Did you order the medium size SleepPhones or the large?
 
Night 5: not enough sleep (5 hours).
Day 5: mid tone: 40 / high tone: 45.
"Mosquito effect" +5%= 10%.

Before the Tinnitus Mix mid tone: 30 / high tone: 20.

I drank alcohol yesterday and I know it has an influence.
I continue...
 
Thanks and I'm glad it helped you, I'm not entirely sure that it did cause any increase in my tinnitus because I hardly had it on any sort of volume, as I said because of my paranoia etc, it was hardly drowning out my tinnitus and my perception of my tinnitus was last measured 4 years ago at being 25 dB, as static noise at 29 dB drowned my tinnitus out so if it was hardly audible over that, then it would have been at barely 25 dB and that is between rustling of leaves and barely a whisper at 3 feet away.
If I were you I would increase volume and try again.
 
The curve is simply a gain vs frequency curve. It tells you how much attenuation your signal is going to suffer based on its frequency.

It means that if your signal had any energy at, say, 23 kHz, it would be attenuated by a factor of X decibels.

However, if you feed it a signal that maxes out at 22.05 kHz, it is not going to magically create energy above that value.

There is no ultrasound coming out of a 22.05 kHz band signal by definition.
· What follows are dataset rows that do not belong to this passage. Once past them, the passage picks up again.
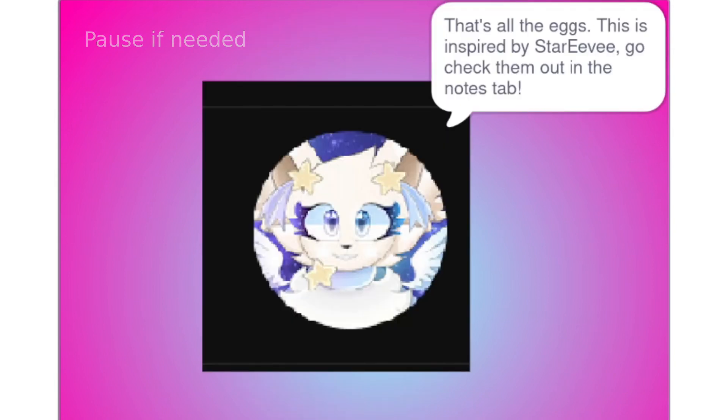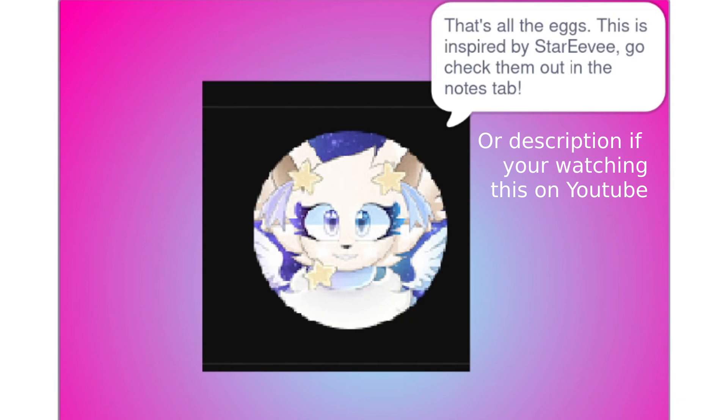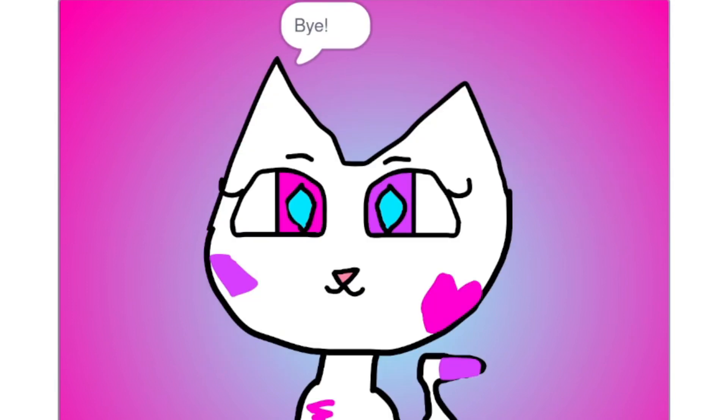That's all the eggs. This is inspired by Star Eevee, so check them out in the notes tab. Bye!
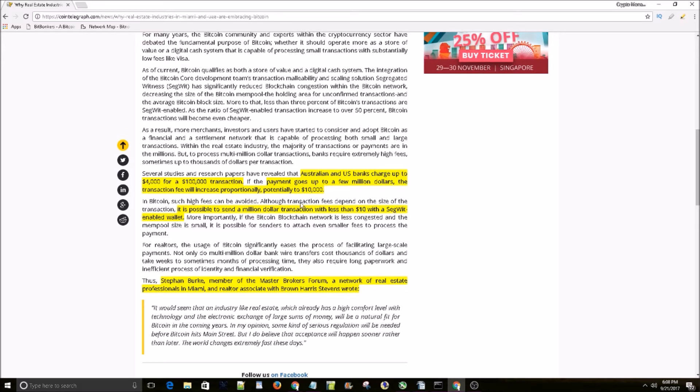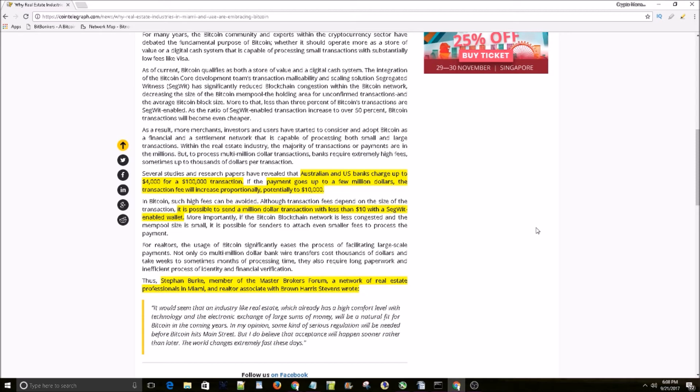And now it is possible to send a million dollar transaction with less than $10 with a Segwit enabled wallet with Bitcoin. So $10 compared to $10,000? It just makes sense. Banks are screwing us with these transaction fees. And Bitcoin makes it possible to send huge chunks of money cheaply.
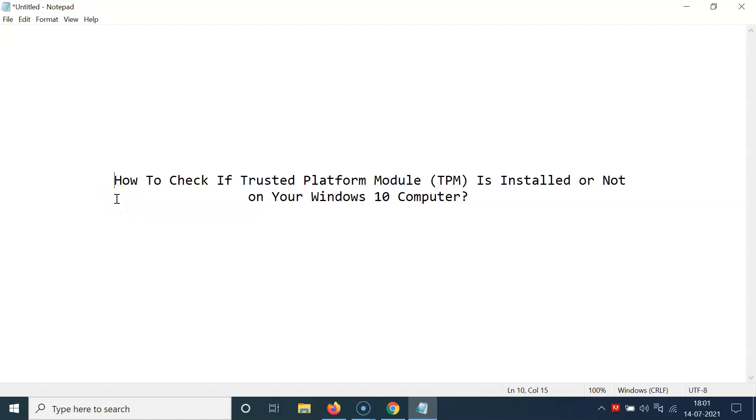Hi guys, in this tutorial I'm going to show you how to check if Trusted Platform Module, that is TPM, is installed or not on your Windows 10 computer.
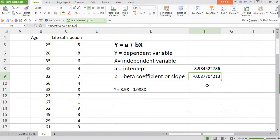So in this way, we can carry out simple regression analysis in Microsoft Excel without using advanced tools. Thanks for watching.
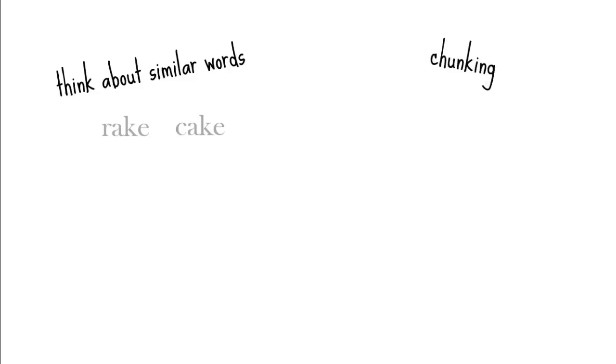One way is to think about similar words. If she's trying to read the word rake, point out that it has a lot of the same letters as the word cake, a word she already knows. That can help her guess the right pronunciation for rake. Chunking is another strategy, breaking the word into bigger chunks rather than trying to sound out each individual letter.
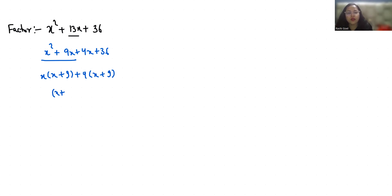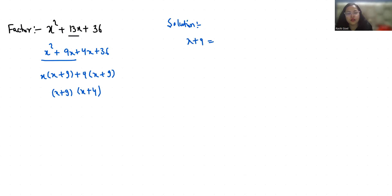Now to find out the solution, we have to put the factors equal to 0. So first, x plus 9 equals 0, x equals minus 9. And x plus 4 equals 0, x equals minus 4.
The ultrasonic range is defined as the range that starts where humans stop hearing. Reference https://en.wikipedia.org/wiki/Ultrasound - "Ultrasound is sound waves with frequencies higher than the upper audible limit of human hearing."

The CD format that your file uses (44.1 kHz sampling) is defined to encode sound up to the limit that humans can hear, which is, by definition, the lower bound of the ultrasonic range. Reference: https://en.wikipedia.org/wiki/Compact_Disc_Digital_Audio#Audio_format - "The audio contained in a CD-DA consists of two-channel signed 16-bit Linear PCM sampled at 44,100 Hz." and "An audio CD can represent frequencies up to 22.05 kHz, the Nyquist frequency of the 44.1 kHz sample rate."

So no, there is no overlap, by the very definition of what ultrasounds are.
You have already posted that 22.5 kHz is technically ultrasonic, using the link in your post even Wikipedia says it is. As for the frequency output graph shows it just doesn't stop at 22.05 kHz, yes it is much lower but some higher frequencies get through to Koss headphones. You also must consider the very short pulses on Tinnitus Mix that act differently than audio waves.